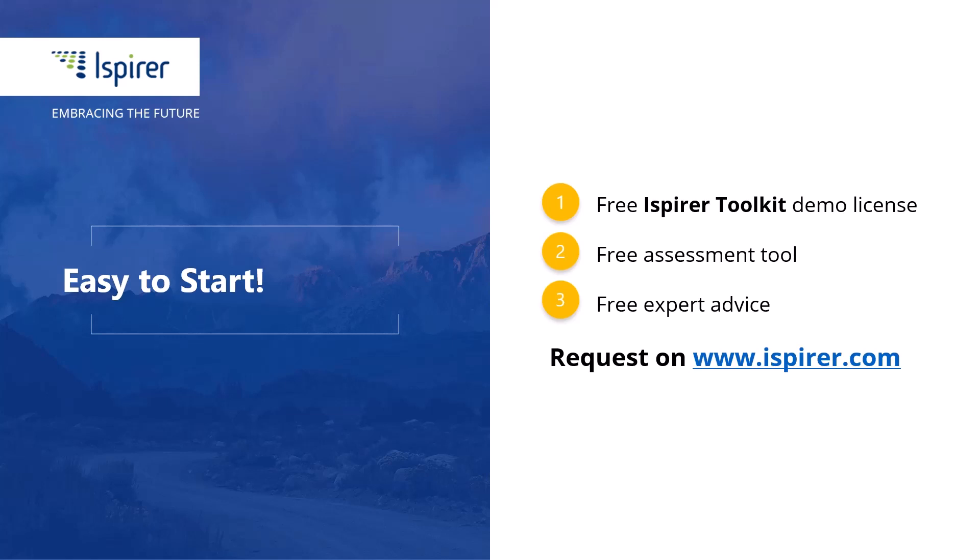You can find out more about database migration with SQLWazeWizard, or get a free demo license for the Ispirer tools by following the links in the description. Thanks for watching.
...
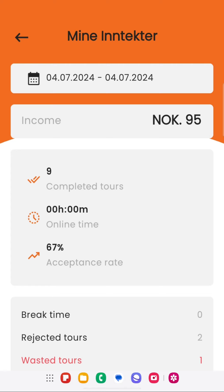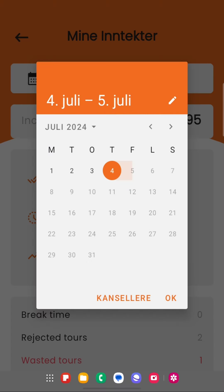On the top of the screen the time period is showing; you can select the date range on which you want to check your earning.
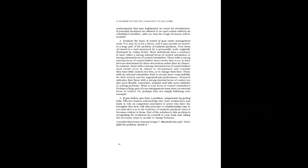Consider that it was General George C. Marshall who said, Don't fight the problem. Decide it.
--
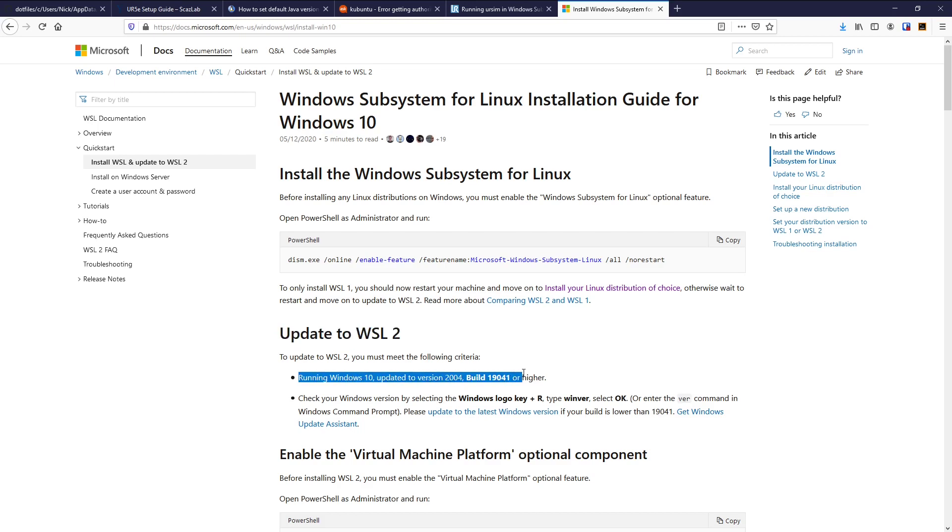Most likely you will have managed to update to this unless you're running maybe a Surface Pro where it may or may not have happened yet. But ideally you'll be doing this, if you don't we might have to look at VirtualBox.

◆ **Exercise brief**:
Please output the lines above beginning at the line with "On the top of" and ending after the line with "Consider that it", precisely as written and with no pictures.

◆ **Exercise answer**:
On the top of the screen the time period is showing; you can select the date range on which you want to check your earning.
Consider that it was General George C. Marshall who said, Don't fight the problem. Decide it.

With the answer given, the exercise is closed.